Come si può dire di no a tutta questa gente? Come ci si può avventurare nella distinzione tra profughi e clandestini, chi fugge dalla guerra e soldati dell'isis infiltrati quando ormai sono nelle nostre strade, nei nostri bar, sull'uscio di casa, nei nostri alberghi di lusso come vacanzieri aggratis senza fare niente tutto il giorno,nelle nostre stazioni, sulle nostre rive del mare, seduti sui nostri sassi?

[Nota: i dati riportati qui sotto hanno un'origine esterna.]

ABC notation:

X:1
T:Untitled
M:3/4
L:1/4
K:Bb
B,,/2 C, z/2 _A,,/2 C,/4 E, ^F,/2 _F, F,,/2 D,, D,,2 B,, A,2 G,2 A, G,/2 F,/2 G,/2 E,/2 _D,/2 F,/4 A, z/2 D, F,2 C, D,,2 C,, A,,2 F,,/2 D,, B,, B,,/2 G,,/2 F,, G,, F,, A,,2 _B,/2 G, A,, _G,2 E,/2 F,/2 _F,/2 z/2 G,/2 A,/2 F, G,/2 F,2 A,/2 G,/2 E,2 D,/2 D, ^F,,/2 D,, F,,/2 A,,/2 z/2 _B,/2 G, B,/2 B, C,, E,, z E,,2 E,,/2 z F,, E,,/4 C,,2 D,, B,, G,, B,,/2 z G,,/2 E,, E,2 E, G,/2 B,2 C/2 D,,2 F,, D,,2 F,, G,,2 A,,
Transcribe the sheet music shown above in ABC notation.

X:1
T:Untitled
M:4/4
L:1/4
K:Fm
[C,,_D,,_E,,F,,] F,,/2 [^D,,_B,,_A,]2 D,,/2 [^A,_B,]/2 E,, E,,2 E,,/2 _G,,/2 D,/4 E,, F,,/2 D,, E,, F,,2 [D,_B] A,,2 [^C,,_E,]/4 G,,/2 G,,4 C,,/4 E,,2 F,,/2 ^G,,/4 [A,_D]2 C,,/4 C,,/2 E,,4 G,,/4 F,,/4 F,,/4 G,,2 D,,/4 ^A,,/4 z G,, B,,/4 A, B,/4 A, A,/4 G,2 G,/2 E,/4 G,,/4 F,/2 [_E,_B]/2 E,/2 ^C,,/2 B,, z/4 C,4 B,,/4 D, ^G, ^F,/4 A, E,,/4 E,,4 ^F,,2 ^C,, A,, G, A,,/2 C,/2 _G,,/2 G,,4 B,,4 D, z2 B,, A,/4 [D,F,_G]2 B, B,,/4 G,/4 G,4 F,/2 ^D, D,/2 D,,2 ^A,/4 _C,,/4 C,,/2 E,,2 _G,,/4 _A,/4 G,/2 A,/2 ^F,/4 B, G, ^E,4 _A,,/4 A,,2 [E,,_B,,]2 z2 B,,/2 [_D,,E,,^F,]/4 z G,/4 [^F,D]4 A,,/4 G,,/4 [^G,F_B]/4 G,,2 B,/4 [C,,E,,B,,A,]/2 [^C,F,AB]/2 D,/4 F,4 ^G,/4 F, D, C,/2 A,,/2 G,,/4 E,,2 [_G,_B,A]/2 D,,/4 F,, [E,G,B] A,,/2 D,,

Come si può dire ancora no quando in questi anni una non politica europea ha fatto di tutto per dire al vento: "vu cumprà il futuro?"  E che dovevano rispondere i disperati del Sud del Sud? Veniamo subito anzi accorriamo, e sono accorsi, disperati si ma non stupidi fino a questo punto. Sono arrivati persino a piedi, almeno non correvano il rischio di annegare, e le frontiere come il Mar Rosso di Mosè, si sono aperte e poi chiuse, aperte a metà e poi richiuse quasi il corpo di una fisarmonica sfinita di un musicista scoglionato che non sa più che musica azzardare. E poi che musica suonare con tutti quei popoli e lingue diverse, che note azzardare per aprire loro le strade  e consentirgli finalmente di danzare e innalzare canti alla nuova vita? I tromboni di Bruxelles sono stonati e forse la miglior cosa da fare sarebbe prendersi un clandestino o una famiglia a testa subito almeno si farebbe a meno di muri  e della loro idea come risposta a tutto, anche perchè prima o poi crollano come quelli di Pompei e di Berlino. E poi, i sentimenti i muri non solo li scavalcano ma addirittura li distruggono!